The Penguins have the best powerplay in the league this year, and much of that is due to Evgeni Malkin. Malkin is second on the team in powerplay points and first in powerplay goals. Despite the fact that he is a generational talent, he hasn't always been this dominant when the team is up a man. In fact, his powerplay shooting percentage in previous years was downright woeful. That's not really his fault, though. Funky things can happen in hockey.
Let me show you what I mean about Malkin's points and goals. All stats are courtesy of Hockey Analysis.
You can see the big jump that he's experienced this year. One question we should initially ask is whether this is driven by Malkin taking more shots or simply scoring on a higher percentage of his chances. The story seemed to be that with Neal gone, Malkin would keep the puck more for himself, ultimately leading to more goals. Is that true?
Nope. Oddly, Malkin is attempting less shots on the powerplay this year than he has in years past. The reason for his bump in production has been a certifiably insane 30% shooting percentage. That's obviously not sustainable. Once Malkin stops getting as many bounces to go his way, you want him to make it up with more shot attempts.
The biggest thing that sticks out to me from that chart is how bad his 5v4 shooting percentage was the last three years. To make this point as saliently as possible, here's a list of players who had a better shooting percentage from 2011-14 at 5v5 than Malkin did during 5v4 play: Chris Neil, Jay McClement, Olli Jokinen, Cody McLeod, Derek Mackenzie, Tuomo Ruutu, RJ Umberger, and Mark Letestu. The list goes on but I'm sure you get the point. Malkin was the victim of some horrendous (mis)fortune on the powerplay the previous three seasons.
One can reasonably wonder though if Malkin is doing anything different this year. Perhaps, for example, he's taking shots closer to the net. I pulled his average shot distance at 5v4 from Behind the Net.
|5v4 Average Shot Distance (feet)
Hockey can be funny, huh? You can see that Malkin is actually taking shots from farther out this year than he has in the past. And yet, even though he's also attempting less overall shots, he nevertheless is scoring at a career pace. It's extremely improbable. But that's hockey.
We don't have to stop at shot distance to see if Malkin is doing anything different. We can look at the graphs over at Sporting Charts to see which portion of the ice Malkin is taking his shots from and how often he does so.
[Note that the shot distance and shooting percentage in these charts is different from what I included in the tables above because these charts include all PP situations, not just 5v4 data]
It doesn't look like Malkin is doing anything special as far as the location of his shots is concerned. Of course the season is young, and with more data we might see a different picture later on regarding how Malkin picks his spots on the ice. But for now, we don't see any evidence that he's systematically generating higher quality scoring chances.
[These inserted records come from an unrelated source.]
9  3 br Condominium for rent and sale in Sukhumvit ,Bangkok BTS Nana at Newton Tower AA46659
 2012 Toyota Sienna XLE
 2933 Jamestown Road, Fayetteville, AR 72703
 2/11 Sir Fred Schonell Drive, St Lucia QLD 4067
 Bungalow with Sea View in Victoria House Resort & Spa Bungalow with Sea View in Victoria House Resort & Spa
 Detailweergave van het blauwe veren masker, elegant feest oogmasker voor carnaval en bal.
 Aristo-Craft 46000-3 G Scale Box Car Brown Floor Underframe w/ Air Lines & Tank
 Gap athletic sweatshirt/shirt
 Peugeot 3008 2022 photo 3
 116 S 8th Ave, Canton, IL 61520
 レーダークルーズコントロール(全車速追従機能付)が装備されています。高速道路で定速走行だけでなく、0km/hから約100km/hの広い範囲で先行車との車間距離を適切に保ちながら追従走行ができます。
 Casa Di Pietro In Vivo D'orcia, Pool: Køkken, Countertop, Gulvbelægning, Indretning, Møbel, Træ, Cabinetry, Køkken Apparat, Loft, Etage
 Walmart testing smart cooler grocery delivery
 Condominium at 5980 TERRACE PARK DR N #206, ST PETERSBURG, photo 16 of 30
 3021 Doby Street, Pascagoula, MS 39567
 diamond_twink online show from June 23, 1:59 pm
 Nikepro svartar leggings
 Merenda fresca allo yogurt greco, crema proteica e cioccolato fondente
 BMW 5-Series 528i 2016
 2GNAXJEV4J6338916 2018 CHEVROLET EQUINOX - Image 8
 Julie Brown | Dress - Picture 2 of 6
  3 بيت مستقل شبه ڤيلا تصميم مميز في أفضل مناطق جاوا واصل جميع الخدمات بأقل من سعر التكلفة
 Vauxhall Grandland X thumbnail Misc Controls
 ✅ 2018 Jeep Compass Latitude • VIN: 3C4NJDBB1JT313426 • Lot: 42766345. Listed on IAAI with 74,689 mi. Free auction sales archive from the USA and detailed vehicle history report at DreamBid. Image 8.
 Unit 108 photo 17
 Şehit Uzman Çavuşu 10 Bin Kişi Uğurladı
None of this should diminish the fun of watching Malkin on the powerplay this season. It's only an attempt to explain what's behind his uptick in goal-scoring on the man advantage. The bad news is that Malkin's shooting percentage will inevitably come back down to earth as the season wears on. The good news is that he'll still be a generational talent. As long as he (and the rest of the team) start shooting more on the powerplay, they'll easily maintain their rank as an elite powerplay unit.